### [DATA RECORDS]
- - - -

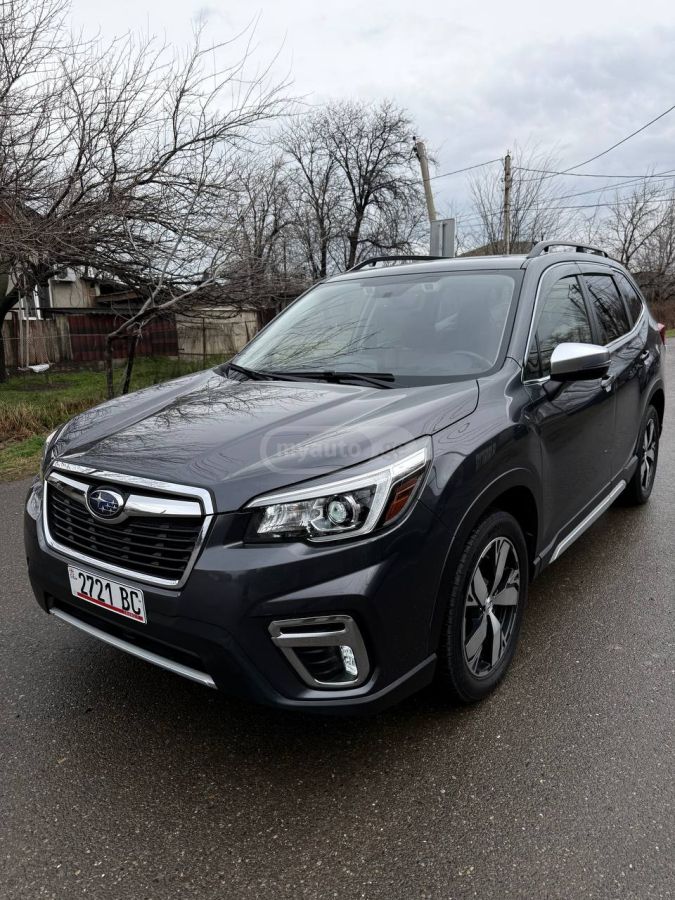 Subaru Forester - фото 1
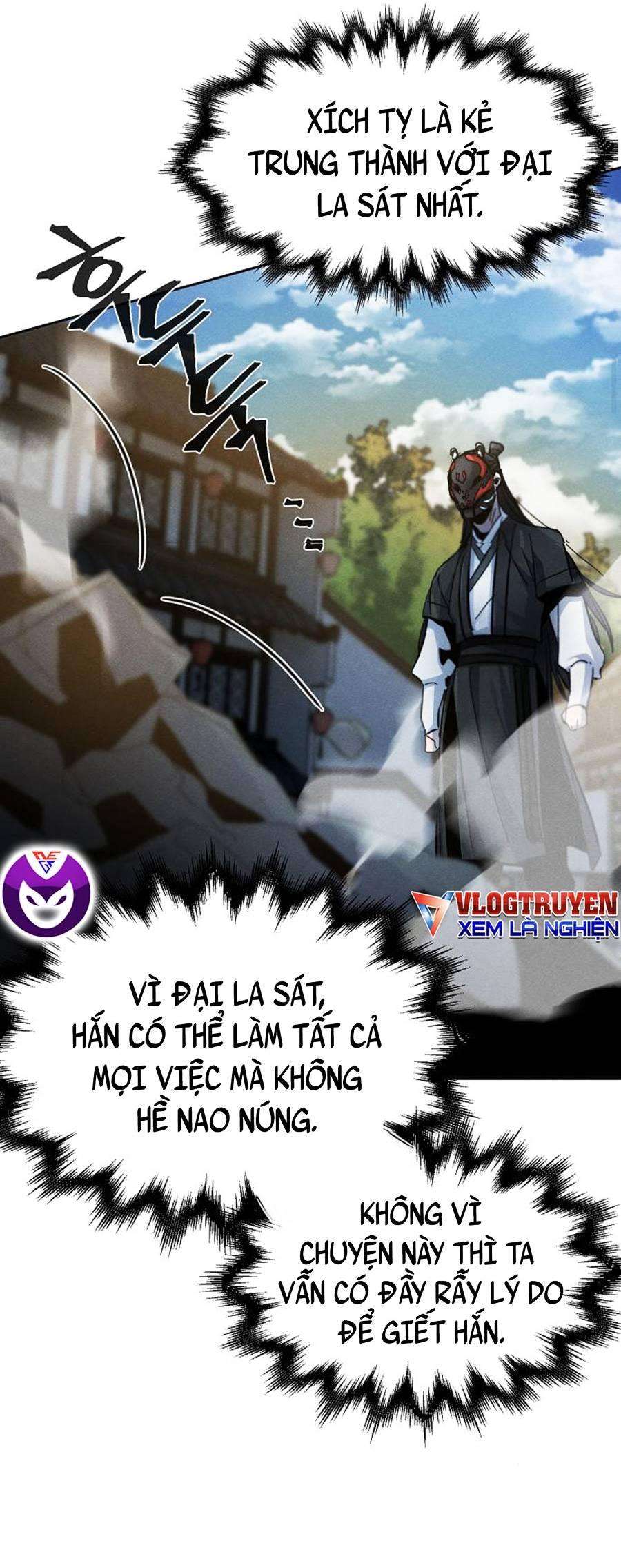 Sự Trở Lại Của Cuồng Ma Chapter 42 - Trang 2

- - - -

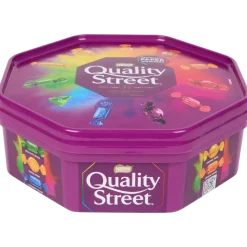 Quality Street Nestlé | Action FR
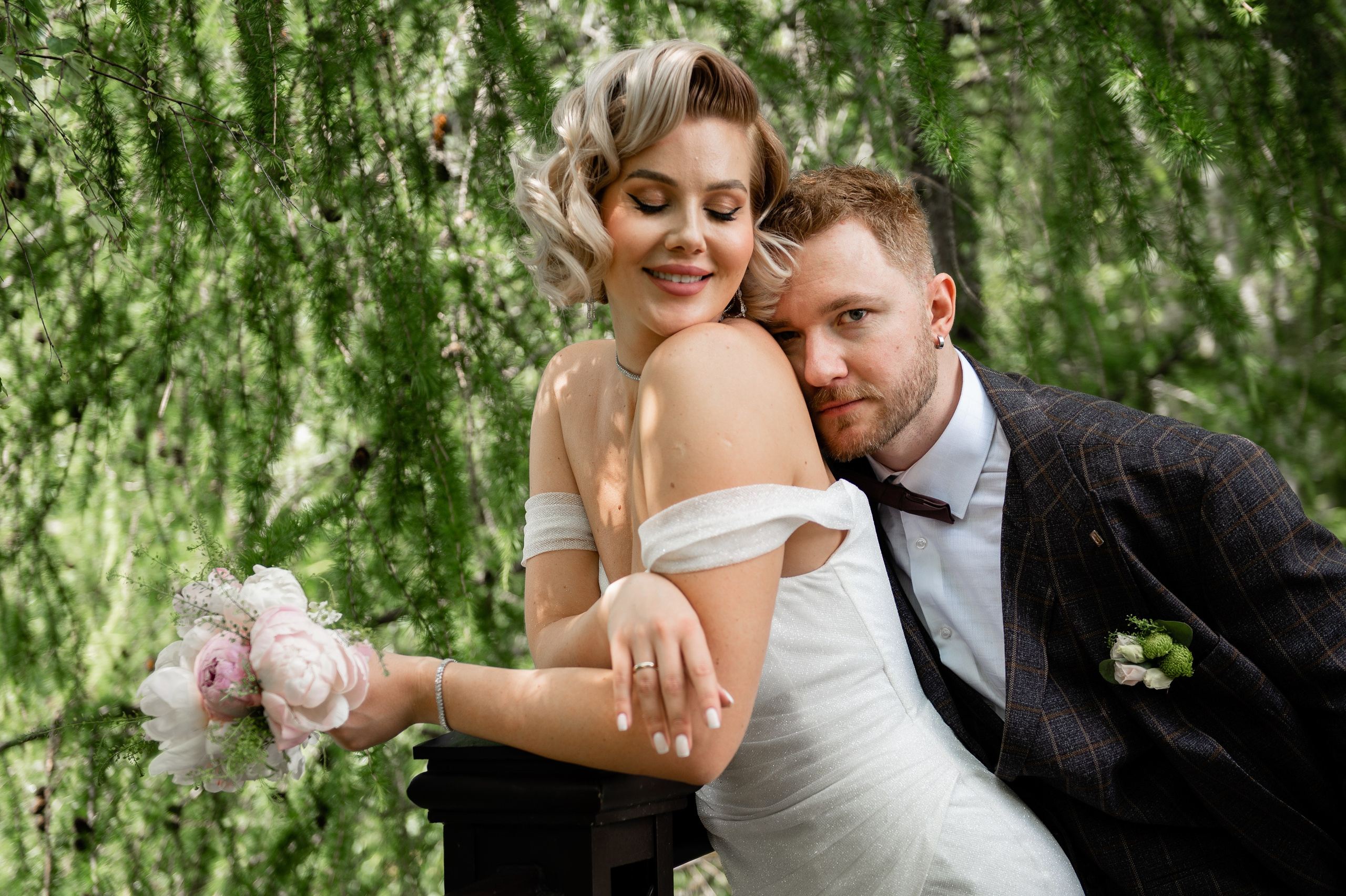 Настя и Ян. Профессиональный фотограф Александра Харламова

- - - -

### [TASK TO COMPLETE]
What is needed is an exact copy of only the lines above from the one with "Subaru Forester - фото 1" to the one with "Sự Trở Lại Của Cuồng Ma Chapter 42 - Trang 2", both kept, with every picture left out.

### [ANSWER TO THE PROBLEM]
 Subaru Forester - фото 1
 Sự Trở Lại Của Cuồng Ma Chapter 42 - Trang 2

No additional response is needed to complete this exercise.